→ HOW TO COMPLETE THIS TASK: If a record holds a picture, leave the picture out; return everything else exactly.

→ RECORDS PROVIDED:
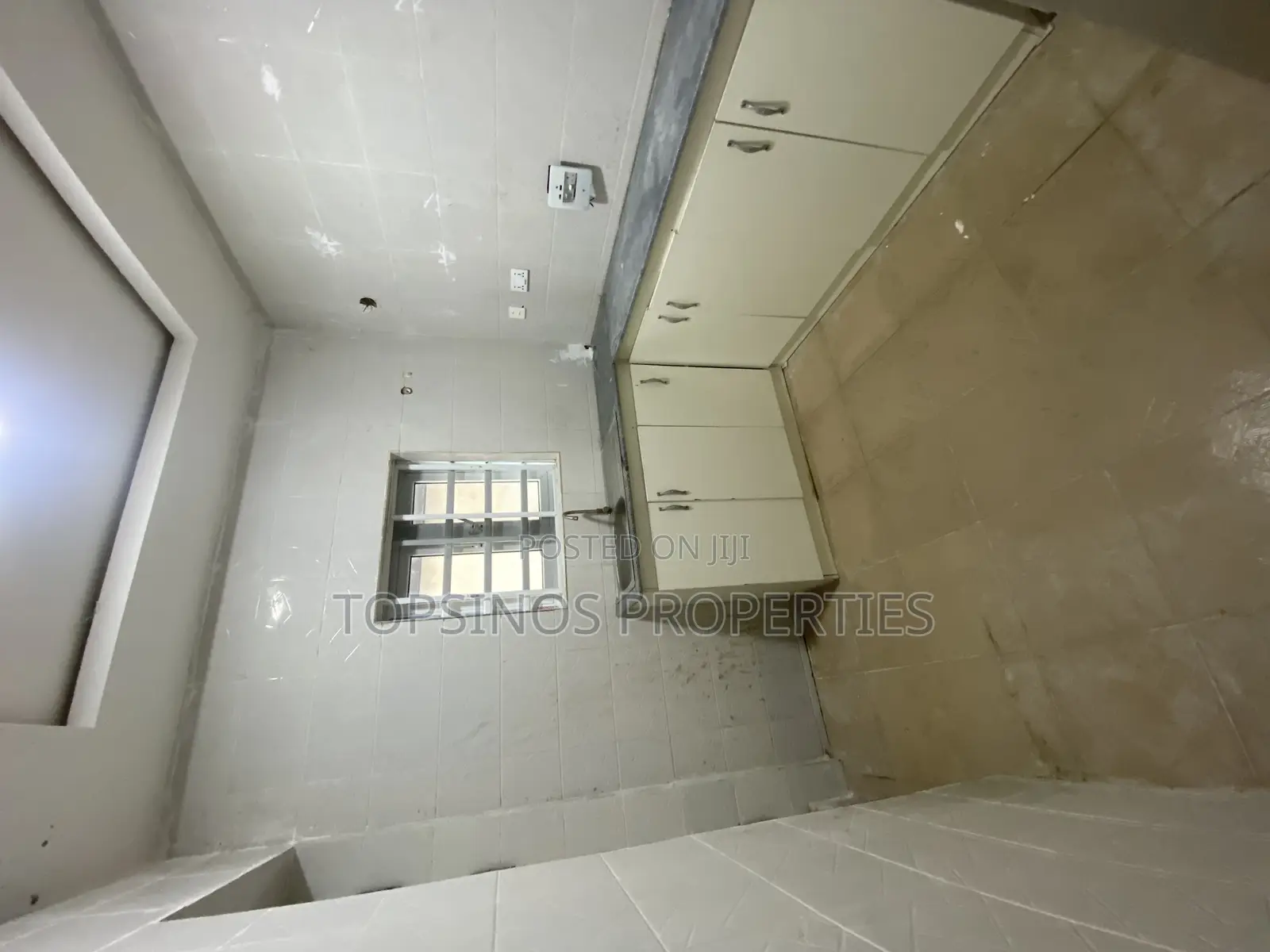 2bdrm Block of Flats in Dawaki for rent
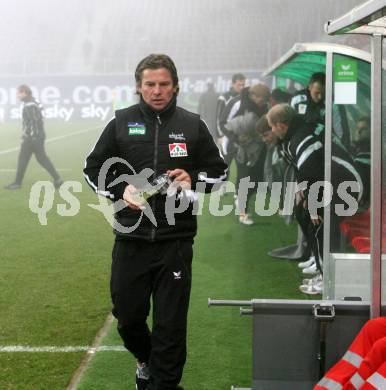 Fussball. Tipp3-Bundesliga. SK Austria Kelag Kaernten gegen SV Mattersburg. Trainer Frenkie Schinkels. Klagenfurt, 21.11.2009. 
Foto: Kuess

---
pressefotos, pressefotografie, kuess, qs, qspictures, sport, bild, bilder, bilddatenbank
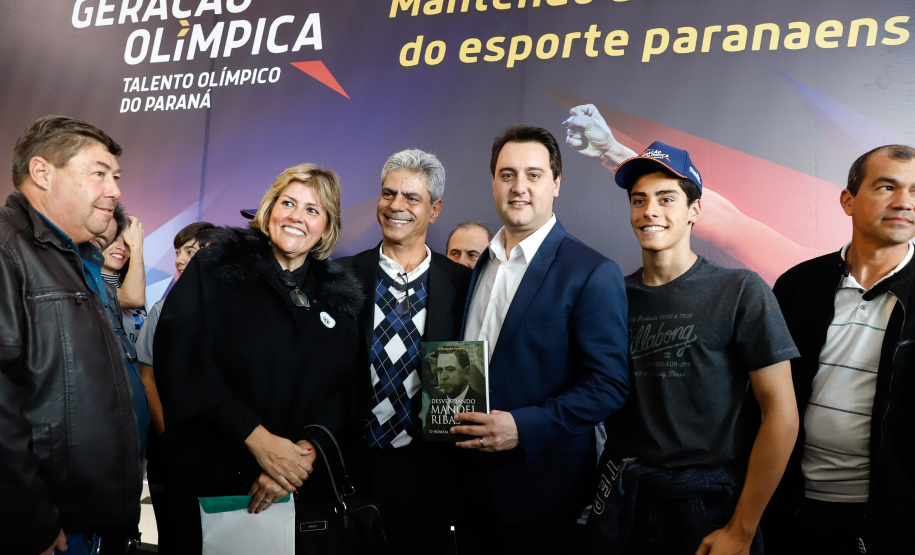 O governador Carlos Massa Ratinho Junior lançou nesta segunda-feira (2), em cerimônia no Palácio Iguaçu, o programa Geração Olímpica, que só neste ano garantirá 1.252 bolsas esportivas nas modalidades olímpicas e paralímpicas para jovens promessas, atletas de renome mundial e técnicos. A Companhia Paranaense de Energia (Copel), patrocinadora da iniciativa, investe R$ 4,75 milhões. É o maior programa de bolsa-atleta do País, em nível estadual.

→ EXERCISE OUTPUT:
 2bdrm Block of Flats in Dawaki for rent
 Fussball. Tipp3-Bundesliga. SK Austria Kelag Kaernten gegen SV Mattersburg. Trainer Frenkie Schinkels. Klagenfurt, 21.11.2009. 
Foto: Kuess

---
pressefotos, pressefotografie, kuess, qs, qspictures, sport, bild, bilder, bilddatenbank
 O governador Carlos Massa Ratinho Junior lançou nesta segunda-feira (2), em cerimônia no Palácio Iguaçu, o programa Geração Olímpica, que só neste ano garantirá 1.252 bolsas esportivas nas modalidades olímpicas e paralímpicas para jovens promessas, atletas de renome mundial e técnicos. A Companhia Paranaense de Energia (Copel), patrocinadora da iniciativa, investe R$ 4,75 milhões. É o maior programa de bolsa-atleta do País, em nível estadual.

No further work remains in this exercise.